Ao ponderar sobre a energia nuclear, o professor do departamento de Energia Nuclear do Instituto Alberto Luiz Coimbra de Pós-graduação e Pesquisa de Engenharia (Coppe/UFRJ), Antônio Carlos Marques Alvim, aponta as vantagens e desvantagens de tal setor. Mesmo que o custo de implantação e manutenção de uma usina nuclear de geração 3 ou 4 seja muito alto, ele diz se tratar de um bom investimento, pois “as novas gerações de reatores mais seguros e econômicos” conferem bom custo para a tarifa de energia.

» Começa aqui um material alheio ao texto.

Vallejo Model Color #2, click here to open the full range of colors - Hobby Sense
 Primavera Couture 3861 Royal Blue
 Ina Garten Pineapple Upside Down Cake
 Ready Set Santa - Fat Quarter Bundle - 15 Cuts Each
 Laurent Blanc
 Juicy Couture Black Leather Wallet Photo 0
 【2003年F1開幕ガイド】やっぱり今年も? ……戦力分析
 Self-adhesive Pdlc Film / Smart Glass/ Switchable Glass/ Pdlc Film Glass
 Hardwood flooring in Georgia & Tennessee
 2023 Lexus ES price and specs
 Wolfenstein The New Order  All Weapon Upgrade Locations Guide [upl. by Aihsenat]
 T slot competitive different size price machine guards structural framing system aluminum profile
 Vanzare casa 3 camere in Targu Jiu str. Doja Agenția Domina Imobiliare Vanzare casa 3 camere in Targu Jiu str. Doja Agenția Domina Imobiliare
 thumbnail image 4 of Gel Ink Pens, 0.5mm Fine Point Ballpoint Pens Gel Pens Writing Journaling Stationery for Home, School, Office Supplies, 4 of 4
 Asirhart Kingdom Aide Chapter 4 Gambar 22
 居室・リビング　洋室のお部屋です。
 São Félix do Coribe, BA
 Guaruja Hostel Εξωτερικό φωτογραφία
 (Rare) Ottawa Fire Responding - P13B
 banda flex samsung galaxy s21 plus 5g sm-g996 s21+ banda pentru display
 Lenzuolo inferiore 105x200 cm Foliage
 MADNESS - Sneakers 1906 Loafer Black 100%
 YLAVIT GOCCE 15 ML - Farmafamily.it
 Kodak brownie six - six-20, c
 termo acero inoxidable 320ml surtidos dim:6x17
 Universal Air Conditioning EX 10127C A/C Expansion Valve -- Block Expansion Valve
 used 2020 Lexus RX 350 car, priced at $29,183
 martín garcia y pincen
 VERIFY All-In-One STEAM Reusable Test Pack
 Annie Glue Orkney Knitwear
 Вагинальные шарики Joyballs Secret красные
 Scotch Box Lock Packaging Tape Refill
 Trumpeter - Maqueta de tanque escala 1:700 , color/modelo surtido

Além disso, a matéria-prima da energia nuclear, o urânio, é facilmente encontrada na natureza, sendo o Brasil a sexta maior reserva de urânio do mundo e pode suprir as necessidades energéticas do país facilmente por cerca de um século, enquanto petróleo e gás natural tendem a durar somente mais 50 anos em média. O urânio enriquecido é um combustível nuclear altamente radioativo e é danoso ao organismo humano.

Alvim lembra, porém, que os avanços tecnológicos produzidos pela indústria nuclear são utilizados amplamente. “Se você olhar toda essa parte de gestão de risco, inclusive instalações petroquímicas, químicas, qualquer instalação de processo, muitas destas ferramentas vieram da indústria nuclear”, salienta.

Alvim esclarece que as usinas são projetadas para suportar certos acidentes; os reatores das usinas nucleares já estão em uma quarta geração e as usinas com reatores de quarta e até terceira gerações são as mais modernas e com ínfimas possibilidades de acidentes por falha. Mas ele ressalva: “apesar de altamente seguras, elas estão à mercê de catástrofes” que possam acontecer no local de sua implantação.

“O Japão contava com uma proteção contra abalos sísmicos de nível 7 na escala Richter, o que aconteceu lá foi de intensidade 9”. Em outras palavras, catástrofes de intensidade maior do que as previstas podem acarretar danos e até a possibilidade do vazamento de material radioativo.

A energia nuclear é limpa, sua emissão de carbono é praticamente nula e ela não causa impactos ambientais durante o funcionamento. Outro fator importante é o pouco espaço ocupado e a falta de necessidade de fatores específicos para sua instalação, fazendo com que haja economia com cabos transmissão, e evita as perdas de energia sofridas pelos mesmos.